During a recent brewery tour, our guide was going through the requisite explanation of beer’s ingredients: malts, hops, yeast and water. At hops, he grabbed a jar and said, “These are hops.” Inside, were a bunch of tiny green pellets that I always describe as looking like guinea pig food (which assumes, possibly incorrectly, that you’re more familiar with guinea pig food than hop pellets). Breweries commonly tell guests these pellets are simply “hops” without anyone batting an eye (probably because everyone on the tour is just quietly waiting for their free beer). But showing off a bunch of pellets and saying “These are hops” is akin to holding up a can of tomato paste and saying “These are tomatoes.”
Now don’t get me wrong: Just as plenty of great pasta sauces are made from tomato paste, plenty of great brewers use hop pellets. But it’s important to understand that hops don’t begin their lives as hamster food. The hops used in beer start out as the flowers of hop plants. When initially picked, these “fresh” hops have a bit of a tacky, or “wet,” feeling to them and, if brewers act quickly, they can immediately be used in brewing beer.

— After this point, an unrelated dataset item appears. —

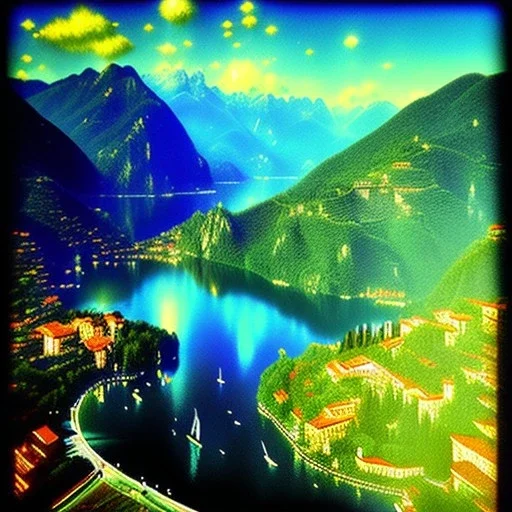 Lake Como, Italy,aerial view,extremely detailed digital painting, high resolution,8k, realistic, beautiful, volumetric lighting, mystical colors ,perfectly centered image, perfect composition, rim light, beautiful lighting,masterpiece, stunning scene, raytracing, anatomically correct, in the style Van Gogh and robert e howard and Ken Kelley and Ohrai Noriyoshi and Simon Bisley and tomzj1.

“Fresh Hop” or “Wet Hop” beers (though some may argue otherwise, I believe the names should be interchangeable) are made in this fashion: using hops directly off the bine (similar to a vine, but botanically different) without drying them for preservation, instead brewing with them as quickly as possible before they lose their fresh aromatics and flavors – usually within 24 hours of picking. Since most breweries aren’t situated on their own hop farm (though nowadays a few are) and the vast majority of brewers aren’t even that close to major hop growers, making Fresh Hop beers can be tricky logistically, especially for brewers outside of hop regions like the Pacific Northwest. That said, the additional delicate fresh flavors wet hops impart to a beer make the style worth the effort, leading some brewers to jump through the hoops of getting wet hops sent to them however they can.